Die Kluft ist auch heute noch sichtbar. Diese scheinbaren oberflächlichen Veränderungen bedrohen das Bestehen eines landwirtschaftlichen Betriebes insgesamt. Die Energiesteuer allein bedeutet einen schweren wirtschaftlichen Verlust für viele Bauern.

“Fällt die Agrardieselvergütung, werden die Landwirte im Durchschnitt mehrere tausend Euro Energiesteuer pro Jahr zusätzlich zahlen”

>>Agrarheute.com<<

“Diesel ist in der Landwirtschaft auf absehbare Zeit unverzichtbar, etwa für die Bodenbearbeitung.

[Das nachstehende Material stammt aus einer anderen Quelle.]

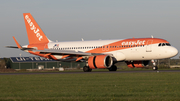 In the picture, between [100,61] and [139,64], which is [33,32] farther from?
[139,64]

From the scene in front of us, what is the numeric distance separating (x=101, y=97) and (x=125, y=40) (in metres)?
26.6

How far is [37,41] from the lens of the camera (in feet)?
158

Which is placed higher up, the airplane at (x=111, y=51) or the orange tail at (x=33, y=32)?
the orange tail at (x=33, y=32)

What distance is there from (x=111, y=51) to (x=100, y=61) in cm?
341

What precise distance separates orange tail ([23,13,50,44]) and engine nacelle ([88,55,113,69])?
12.4 metres

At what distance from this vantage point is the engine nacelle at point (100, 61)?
3725 centimetres

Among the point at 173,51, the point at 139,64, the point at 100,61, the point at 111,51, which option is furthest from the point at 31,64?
the point at 173,51

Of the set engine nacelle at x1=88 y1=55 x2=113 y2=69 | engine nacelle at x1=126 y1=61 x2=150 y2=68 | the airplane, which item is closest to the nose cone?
the airplane

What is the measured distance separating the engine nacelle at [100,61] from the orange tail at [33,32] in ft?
40.8

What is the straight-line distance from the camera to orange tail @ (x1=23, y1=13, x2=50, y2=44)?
1896 inches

Fällt die Agrardieselvergütung, werden die Landwirte im Durchschnitt mehrere tausend Euro Energiesteuer pro Jahr zusätzlich zahlen müssen.”

“Diesel ist in der Landwirtschaft auf absehbare Zeit unverzichtbar”

Egal ob es um Energiesteuer, Düngeverordnung oder Insektenschutzgesetz geht, sie alle haben eines gemeinsam, das oft übersehen wird: Landwirtschaftliche Betriebe müssen sich gegen die internationale Konkurrenz behaupten, die oft nicht mit solchen wirtschaftlichen Hindernissen konfrontiert ist. Hierzu wurden auch Handelsabkommen geschlossen. Anhand von Beispielen lässt sich erkennen, wie teilweise willkürlich bestehende Regeln durchgesetzt werden.

“Nur das Privathaus nebenan tatsächlich auch angeschlossen” – “Wieso der Abwasserzweckverband „Weißer Schöps“ einen Beitrag auf Quadratmeterbasis festsetzte”

>>Alles-Lausitz.de<<

“Ein Anschlusszwang an das Abwassersystem, obwohl ein Anschluss für sie und ihren Mann gar nicht nötig war, fraß nach jahrelanger Stundung nun ihre Ersparnisse auf, um eine Zwangsvollstreckung zu vermeiden. … Nicht mehr abwehren ließ sich ein Schmutzwasserbeitrag für den Hof, der 2007 auf über 34.000 Euro taxiert wurde. Die riesigen Wälzer mit anwaltlichen und behördlichem Schlagabtausch lassen kaum nachvollziehen, wieso der Abwasserzweckverband „Weißer Schöps“ einen Beitrag auf Quadratmeterbasis festsetzte, der trotz geminderter Höhe im Grunde immer fiktiver Natur war, da nur das Privathaus nebenan tatsächlich auch angeschlossen war. Da Vorschriften eben Vorschriften sind, kamen nach langer Stundung auf diese Last letztlich doch die befürchteten Mahnungen. Über 22.000 Euro, die Eva-Maria Brussig nun doch gezahlt hat, waren eigentlich ihre Altersvorsorge.”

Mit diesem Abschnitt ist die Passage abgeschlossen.